DeVries discussed her work in advance of the symposium.
GSAS: How did you develop an interest in science?
DEVRIES: My science teachers in elementary school and high school were so creative and engaging. We built models of the solar system and volcanoes, tapped our own maple sugar tree, went to visit a dairy farm, and exploded things in chemistry classes. What I learned in science and math classes changed the way I thought about the world.
GSAS: What question drives your research?
DEVRIES: How can we accurately model time-dependent motion across faults both during and between earthquakes? Can these models inform estimates of seismic hazard?
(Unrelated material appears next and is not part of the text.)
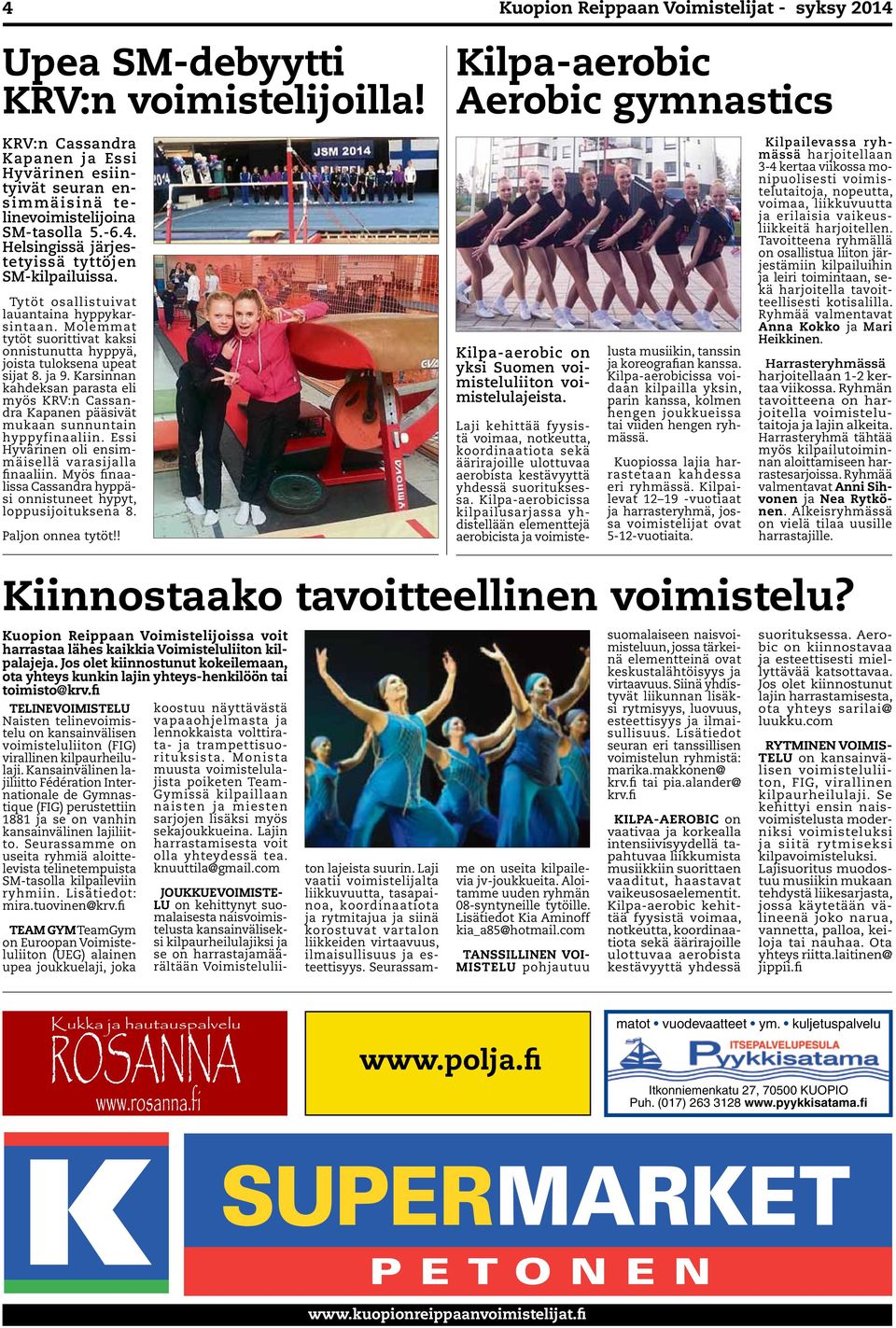 Karsinnan kahdeksan parasta eli myös KRV:n Cassandra Kapanen pääsivät mukaan sunnuntain hyppyfinaaliin. Essi Hyvärinen oli ensimmäisellä varasijalla finaaliin.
GSAS: Why is it important to study earthquakes?
DEVRIES: Since 2000, earthquakes have killed more than 400,000 people worldwide. Improving estimates of seismic hazard — and in particular, improving estimates of the size, location, and timing of large earthquakes before they happen — could help countries, cities, and individuals to prepare for and respond to these devastating events.
GSAS: Who do you think is conducting innovative research in your field at Harvard?
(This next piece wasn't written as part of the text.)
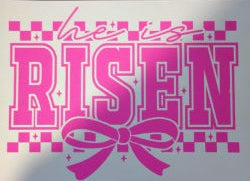 He is Risen Screen Print Transfer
DEVRIES: I feel very lucky to be a graduate student in the Department of Earth and Planetary Sciences at Harvard. The department has such a dynamic group of graduate students, and EPS faculty members are leading research groups that are conducting innovative and impactful research in many different areas.
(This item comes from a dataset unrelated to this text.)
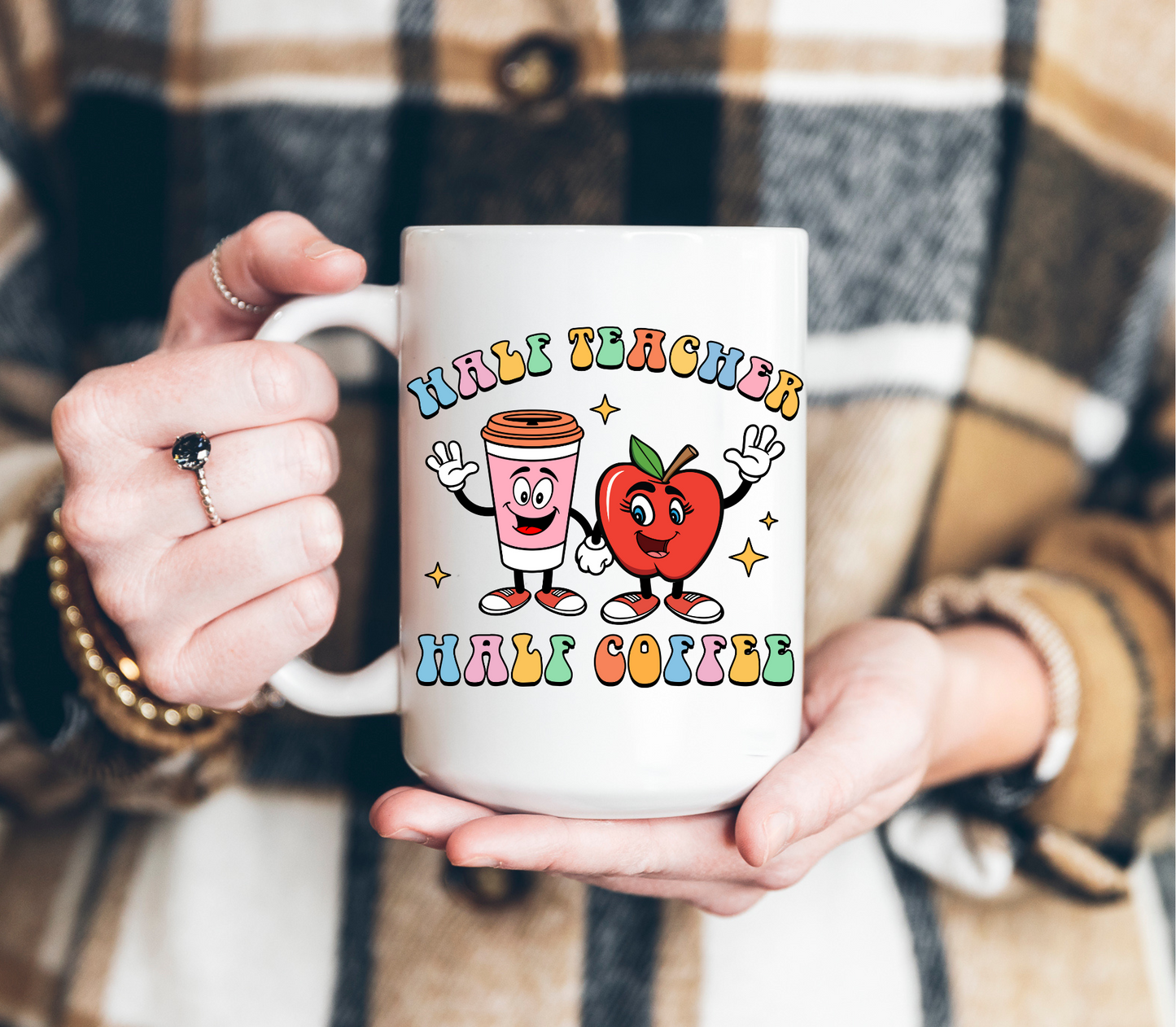 Half Teacher Half Coffee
GSAS: Most scientists believe that earthquakes cannot be predicted. Do you think it is possible to develop a predictive model?
DEVRIES: A successful earthquake prediction would include an accurate estimate of the size, location, and time of an earthquake. Many earthquakes happen along the boundaries, or faults, between tectonic plates. But large tectonic plates are effectively made up of many smaller plates, all of which are bounded by faults that could cause earthquakes. To understand which faults may be the most dangerous, researchers have developed large-scale models of the fault systems in the western United States, Japan, Turkey, and elsewhere, based on the motion of the Earth’s surface today, observed with thousands of global positioning system stations (high-precision versions of the same GPS devices in cell phones). These models can estimate where stress may be accumulating the fastest along fault systems — and in many cases, where, but not when, large earthquakes are likely to occur in the future.
One striking example of the potential of these models is a study published in 2010, in which [Professor of Earth and Planetary Sciences] Brendan Meade and his former postdoc John Loveless used GPS observations to identify the parts of the subduction zone in Japan that could potentially generate a large earthquake. One large area of the subduction zone that they identified was off of the coast of the region of Tohoku. The 2011 [9.0 magnitude] Tohoku earthquake, which caused a devastating tsunami and the meltdown of the Fukushima-Daiichi nuclear power plant, occurred one year later in this location. In other words, and in this case, Meade and Loveless were able to image the location and potential size of a large earthquake before it happened.
Many of the recent advances in earthquake science, including the study described above, have been made possible by the development of satellite technology. In particular, GPS stations can record the motion of the surface of the Earth over time and allow earthquake scientists to watch and study the gradual motion occurring across faults between earthquakes in real time. Building accurate time-dependent models of this observable motion across faults between earthquakes could provide valuable insights into all three components of an earthquake prediction, and allow earthquake scientists to see earthquakes before they happen.